Marilyn Lake’s biography of Faith Bandler fills this gap in feminist knowledge. But the subject is full of contradictions. She is not Aboriginal, but as a woman of colour she has devoted most of her adult life to removing legal discrimination against Aboriginal people. She is not a white woman, but she has led a middle-class life as the wife of an engineer on Sydney’s North Shore. She is not a member of a political party but she has been a political activist for over fifty years. She is Australian born and bred, but has always felt an outsider in mainstream Australia. She is not a historian but she has published four books about her family’s origins and about the struggle to win a ‘Yes’ vote in 1967. Lake deals with these contradictions by constructing her subject’s story as a counter narrative to the white middle-class Australian woman in the second half of the twentieth century.

Faith Bandler was born in 1918 on a banana share farm at Tumbulgum in northern New South Wales, the second youngest of eight children. Her father was a South Sea Islander, who had successfully challenged the deportation provisions of the Pacific Island Labourers Act of 1901 and her mother was Australian-born of Indian/Scottish descent. While both parents gave Faith pride in her origins, it was not until the death of her father when she was five and the family had moved to Murwillumbah, that she encountered the exclusionary racism of white Australia. She lost her confidence and left high school at the onset of the Depression, to work as a milliner’s assistant. And there her life may have drifted had it not been for the outbreak of World War II. It changed her life.

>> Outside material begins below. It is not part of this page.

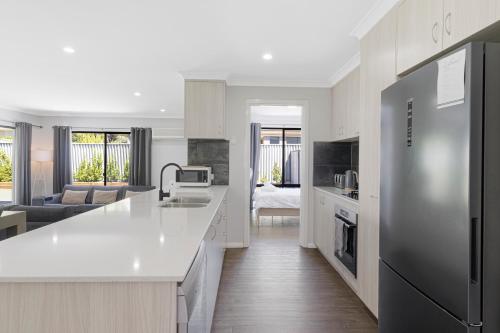 a kitchen with a refrigerator and a living room at 5 Bedroom Home meters from the beach in Geographe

In 1942 Bandler and her sister went to Sydney to join the Women’s Land Army and worked on farms in New South Wales. After the War, she lived a cosmopolitan life in Kings Cross, where she had a long affair with a Finnish sailor, took music lessons to improve her fine singing voice and learn the importance of a public presence on the stage,
and studied at WEA classes to overcome her lack of education. Her political involvement with the Left enabled her to travel to Europe in 1951 to attend a major cultural youth festival. In this formative period of adulthood, she gained a very sophisticated understanding of herself sexually and politically. In 1952 she married Hans Bandler, a Jewish refugee engineer from Vienna. It proved an enduring partnership, based on shared political beliefs and a great love of classical music and gardening.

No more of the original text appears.